Actually, no. Walmart and its Big Box friends are making the world a greener, more sustainable place. This isn’t because of any PR stunts or corporate green initiatives they may have going; it’s because they are relentlessly focused on profit and efficiency. It is their cutthroat capitalism not their sense of corporate citizenship that will save us — if anything can.

Walmart is helping to save the planet because it’s tough and realistic and focused like a laser on the bottom line. Giving customers what they want at low prices has made Walmart an irresistible force in the market. Every sock factory in China, every flatware manufacturer in Bangladesh wants to crack the Walmart market. Some purchasers buy by the crate and the carton; Walmart buys in the millions and billions.

But there’s a catch. Walmart wants to sell cheap to its customers; that means it must buy cheap from producers. And Walmart isn’t loyal; what have you done for me lately? is what its buyers want to know. Maybe last year you sold them ten million pairs of men’s shorts; if you want to repeat that you are going to have to be the low bidder yet again. If the factory across town (or across the ocean) figures out a way to make shorts that meet Walmart’s specs for two cents a pair less than your price — it’s goodbye to those ten million sales.

That means you, and everyone else trying to sell to Walmart, have to spend all your time figuring out how to produce the same product with less. Walmart’s ruthless focus on reducing prices is driving producers everywhere to cut the costs of production: to switch to cheaper materials, use less packaging, cut down on waste of all kinds and to consolidate and rationalize both production and distribution. The result is a steady and inexorable decline in humanity’s impact on the environment for every unit of GDP.

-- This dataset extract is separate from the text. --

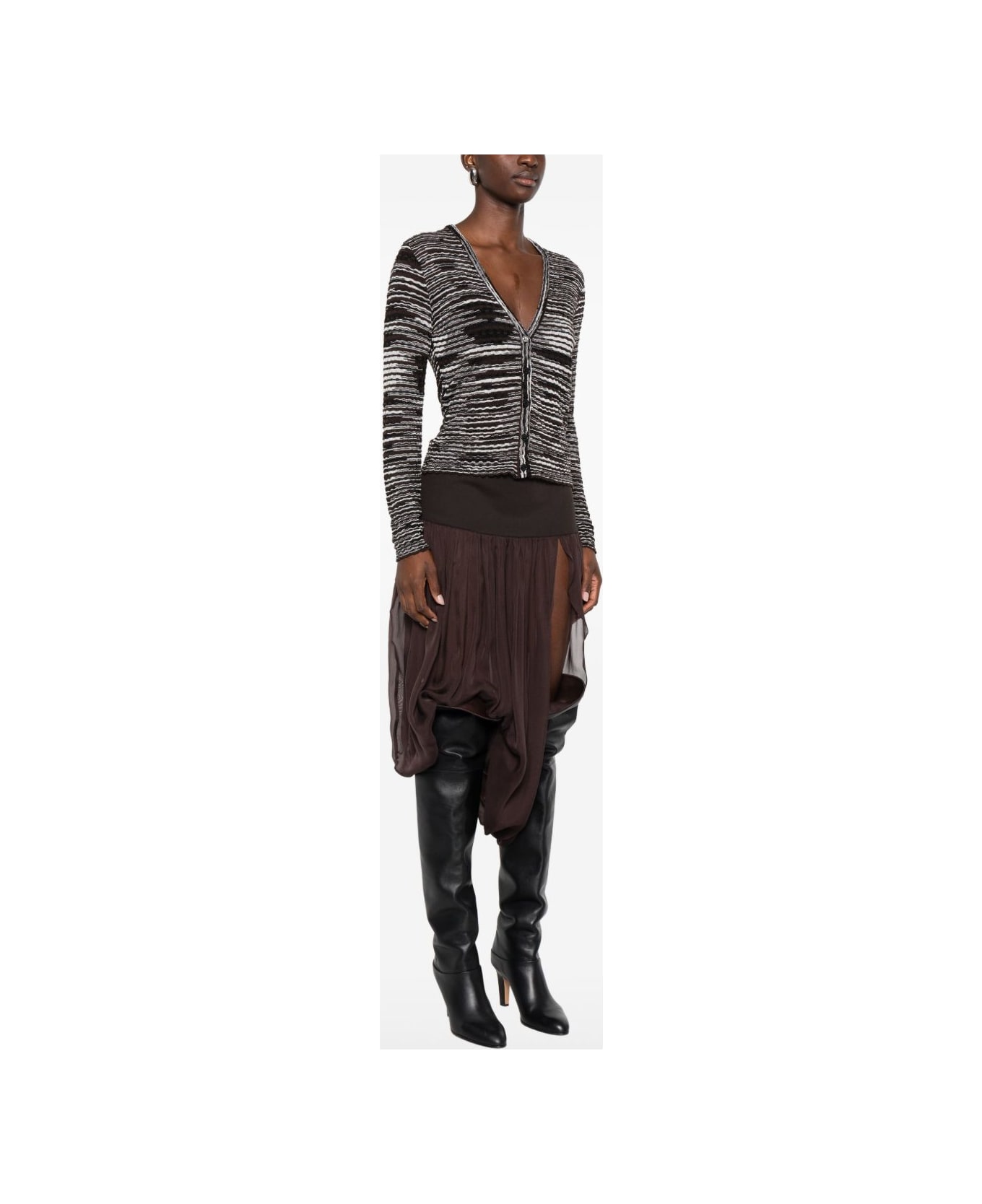 Missoni Wool Blend Cardigan - Brown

The Green Police couldn’t do it any better. In fact, given the political cluelessness, uncertain signals (is nuclear energy a good thing or a bad thing?), and anti-scientific knuckle dragging from environmentalists on subjects like the use of GMOs in agriculture, it’s likely that a world run by Walmart would be both richer and cleaner than a world run by Greenpeace. Not that I want Walmart (or Greenpeace) to run the world, bu at the end of the day, being ruthlessly cheap is the most important way of being green. To cut out waste, to use methods of production that cut the energy consumed at every stage in the process, to strip packaging to the barest minimum, to reduce the amount of raw materials in every product: this is the mother lode of green. This is how a growing human population limits its impact on the earth. This is where Walmart and green are as one.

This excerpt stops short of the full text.